The FTC alleges that Intuit’s ad campaigns violated the FTC Act because they contained misleading claims that the filing service was free: “at least your taxes are free,” “Free Guaranteed,” and use of “dialogue” between actors in which the word “free” is essentially the only word spoken.

But according to the FTC, TurboTax is not actually free. Instead, it is allegedly free only for consumers who file “simple” tax returns—returns using certain tax forms—and Intuit does not adequately disclose this to filers of non-simple tax returns (who must upgrade to a paid TurboTax service to complete their filings) until after the filer invests time and effort inputting personal and financial information.

On April 4, 2022, Intuit filed its opposition to the FTC’s motion for a temporary restraining order and preliminary injunction, arguing that its advertisements contain disclaimers that the free version is available only for certain filers. The FTC, however, contends those disclaimers are inadequate to cure the alleged misrepresentation because they:

  1. Are disproportionately small compared with the prominent text emphasizing that the service is free.
  2. Appear for just a few seconds as compared with the length of the commercials, which aired in 15-, 30-, and 60-second versions.
  3. Are in writing only, often in font color similar to the background color, and are not read by a voiceover.

Intuit also argues that its high customer satisfaction scores and above-average customer retention indicate its customers are not being deceived by Intuit’s “free” marketing campaign. The FTC counters that high customer satisfaction and retention are not indicia of a lack of deception, citing other possible reasons for such results, including dissonance reduction (i.e., “I paid to use TurboTax, so I must have valued it”); high perceived switching costs; status quo bias (i.e., even for experiences with which consumers associate negative emotions, like tax filing, they are likely to maintain the status quo); and attribution of unexpected costs to consumers’ own tax situation rather than to Intuit’s business practice.

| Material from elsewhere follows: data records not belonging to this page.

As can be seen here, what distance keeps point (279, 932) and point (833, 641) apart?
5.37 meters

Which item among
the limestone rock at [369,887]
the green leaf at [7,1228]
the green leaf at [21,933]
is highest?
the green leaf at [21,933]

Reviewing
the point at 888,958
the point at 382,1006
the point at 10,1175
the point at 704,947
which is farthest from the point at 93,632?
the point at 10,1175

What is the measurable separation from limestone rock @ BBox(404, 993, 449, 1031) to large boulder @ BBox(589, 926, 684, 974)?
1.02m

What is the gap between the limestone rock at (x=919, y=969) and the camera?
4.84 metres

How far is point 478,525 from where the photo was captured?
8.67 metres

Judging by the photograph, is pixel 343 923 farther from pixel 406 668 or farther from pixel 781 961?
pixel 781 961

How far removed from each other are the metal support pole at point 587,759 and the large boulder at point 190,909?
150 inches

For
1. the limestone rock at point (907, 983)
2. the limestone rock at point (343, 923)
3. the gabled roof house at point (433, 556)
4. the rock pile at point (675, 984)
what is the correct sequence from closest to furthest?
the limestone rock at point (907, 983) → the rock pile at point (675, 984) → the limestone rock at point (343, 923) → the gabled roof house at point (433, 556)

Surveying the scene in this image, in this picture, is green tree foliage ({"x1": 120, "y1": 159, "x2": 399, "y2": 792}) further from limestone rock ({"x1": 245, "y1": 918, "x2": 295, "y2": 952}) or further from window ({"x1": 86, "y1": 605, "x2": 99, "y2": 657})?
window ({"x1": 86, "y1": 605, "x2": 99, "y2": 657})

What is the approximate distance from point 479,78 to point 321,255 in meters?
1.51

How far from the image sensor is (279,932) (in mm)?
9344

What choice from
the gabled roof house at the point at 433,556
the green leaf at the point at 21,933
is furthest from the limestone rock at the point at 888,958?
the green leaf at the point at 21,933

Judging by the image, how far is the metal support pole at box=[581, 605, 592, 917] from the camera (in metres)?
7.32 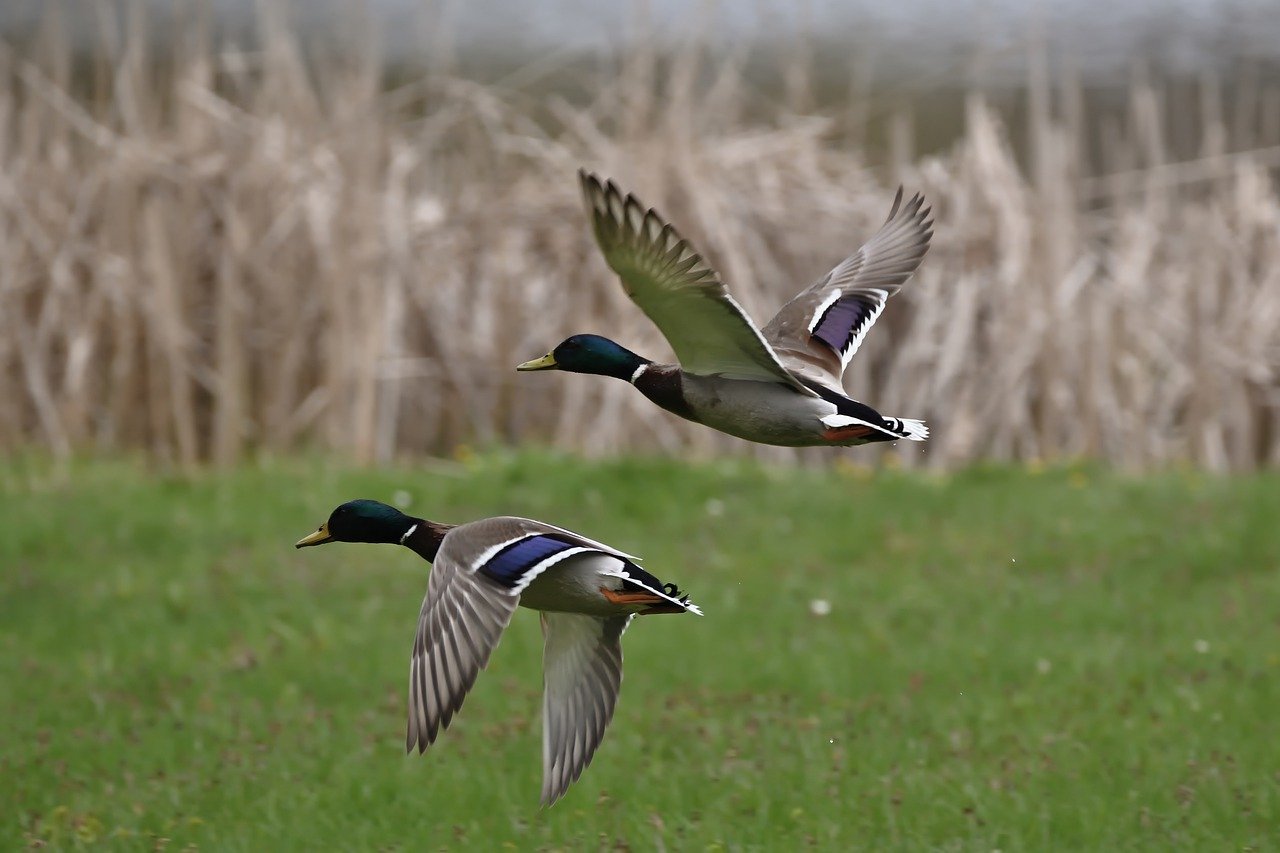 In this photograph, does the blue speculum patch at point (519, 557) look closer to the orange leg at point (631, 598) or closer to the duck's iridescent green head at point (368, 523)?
the orange leg at point (631, 598)

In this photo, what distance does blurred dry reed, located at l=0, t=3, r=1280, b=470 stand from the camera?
11.4m

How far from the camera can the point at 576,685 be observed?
456cm

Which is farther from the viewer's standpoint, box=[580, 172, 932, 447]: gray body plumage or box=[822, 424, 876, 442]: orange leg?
box=[822, 424, 876, 442]: orange leg

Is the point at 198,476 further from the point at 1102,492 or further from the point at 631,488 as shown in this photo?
the point at 1102,492

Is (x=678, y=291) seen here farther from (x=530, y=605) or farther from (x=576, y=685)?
(x=576, y=685)

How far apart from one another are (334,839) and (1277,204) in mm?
10528

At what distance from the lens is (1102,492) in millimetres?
9969

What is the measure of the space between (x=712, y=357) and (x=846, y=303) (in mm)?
1068

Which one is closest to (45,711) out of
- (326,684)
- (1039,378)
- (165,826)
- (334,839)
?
(326,684)

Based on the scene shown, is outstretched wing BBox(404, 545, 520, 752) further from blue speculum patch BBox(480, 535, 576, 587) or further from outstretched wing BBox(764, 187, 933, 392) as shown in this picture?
outstretched wing BBox(764, 187, 933, 392)

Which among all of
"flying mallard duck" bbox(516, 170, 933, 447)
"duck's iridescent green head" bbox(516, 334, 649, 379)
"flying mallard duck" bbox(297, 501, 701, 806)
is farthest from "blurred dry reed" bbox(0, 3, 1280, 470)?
"duck's iridescent green head" bbox(516, 334, 649, 379)

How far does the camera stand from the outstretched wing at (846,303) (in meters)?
4.72

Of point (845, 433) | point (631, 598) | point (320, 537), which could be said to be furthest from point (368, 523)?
point (845, 433)

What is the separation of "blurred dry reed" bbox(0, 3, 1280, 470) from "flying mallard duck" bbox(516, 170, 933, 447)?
688cm
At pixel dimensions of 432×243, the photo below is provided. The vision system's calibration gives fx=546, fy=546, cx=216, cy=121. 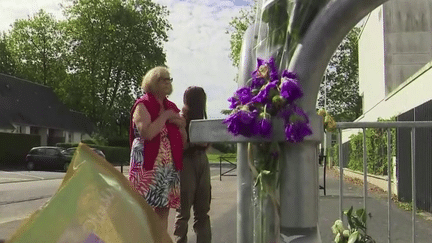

Furthermore, although Intuit claims it notifies consumers that they must upgrade to a paid product before consumers actually pay for the product, the FTC characterizes Intuit’s advertising as a “deceptive door-opener,” arguing that “companies may not induce a first contact through deception, even if they subsequently cure the deception.”

The Intuit enforcement action confirms that the FTC is taking pricing claims very seriously. Companies that wish to advertise their products or services as free would do well to remember that “free” must actually mean free—for everyone. If it doesn’t, the advertising must clearly and conspicuously disclose precisely what “free” means.

A hearing on the FTC’s motion for injunctive relief is scheduled for April 21, 2022.